In etwas mehr als der Hälfte der Simulationen, die vorhersagten, was in 8 bis 10 Milliarden Jahren passieren könnte, kamen sich die Milchstraße und die Andromeda-Galaxie zunächst relativ nahe, bevor sie einander umkreisten und genug Bahnenergie verloren, um zu kollidieren und zu einer einzigen Galaxie zu verschmelzen. Diese anfänglichen Begegnungen zwischen den Halos der beiden Galaxien (einer großen Gashülle) würden schließlich eine Kollision auslösen.

galaxien
In den meisten Simulationen haben die Milchstraße und Andromeda genug Bahnenergie verloren, um miteinander zu kollidieren. (Bild erstellt von AI).

In den anderen Simulationen zogen die beiden Galaxien aneinander vorbei, ohne sich gegenseitig zu stören. Geraint Lewis, Professor für Astrophysik am Sydney Institute for Astronomy, findet die Ergebnisse, die den gravitativen Einfluss von M33 und der LMC zeigen, verblüffend.

Vorhersage der kosmischen Zukunft

Es ist zwar wichtig, die Gravitationswirkungen der LMC auf die Milchstraße zu berücksichtigen, aber der wichtigste Aspekt der neuen Studie ist die Berücksichtigung von Unsicherheiten", so Scott Lucchini, Postdoktorand am Institut für Theorie und Berechnung des Harvard-Smithsonian Center for Astrophysics.

Galaxien sind äußerst komplex. Ihre Form kann sich verzerren, Wechselwirkungen können ihre Bahnen verändern, und sie können auf unterschiedliche Weise Masse verlieren. Diese Komplexität macht Vorhersagen schwierig, so Lucchini.

Dies lässt das Schicksal der Milchstraße "völlig offen ", schreiben die Studienautoren in dem neuen Papier. Allerdings werden weitere Daten des Weltraumteleskops Gaia, die im Jahr 2026 gesammelt werden sollen, Messungen liefern, die einige der Unsicherheiten über die Geschwindigkeit und Richtung, in der sich Andromeda durch den Himmel bewegt, klären werden, so Sawala.

Das Schicksal der Erde

Das Schicksal der Sonne könnte einen größeren Einfluss auf die Zukunft der Erde haben als die Bewegung der Galaxien, so die Forscher.
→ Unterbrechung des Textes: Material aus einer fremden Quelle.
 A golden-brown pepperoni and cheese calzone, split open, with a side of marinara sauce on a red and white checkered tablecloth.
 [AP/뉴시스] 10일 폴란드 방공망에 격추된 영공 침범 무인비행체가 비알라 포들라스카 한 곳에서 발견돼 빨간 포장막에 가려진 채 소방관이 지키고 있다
Unsere Sonne ist 4,5 Milliarden Jahre alt. Wenn sie in etwa 5 Milliarden Jahren zu sterben beginnt, wird sie zu einem roten Riesen werden, der Merkur, Venus und möglicherweise die Erde verschlingen wird, so die NASA.

Obwohl das Team die Verschmelzung zwischen der LMC und der Milchstraße nicht im Detail modelliert hat, fanden sie eine "fast sichere" Wahrscheinlichkeit für eine Verschmelzung der beiden Galaxien innerhalb der nächsten 2 Milliarden Jahre, was mit früheren Studien übereinstimmt, so Sawala. Allerdings dürften die Auswirkungen geringer sein als bei einer Verschmelzung von Milchstraße und Andromeda.

Quellenhinweis:

- Till Sawala, Jehanne Delhomelle, Alis J. Deason, Carlos S. Frenk, Jenni Häkkinen, Peter H. Johansson, Atte Keitaanranta, Alexander Rawlings & Ruby Wright. No certainty of a Milky Way–Andromeda collision. Nature Astronomy (2025).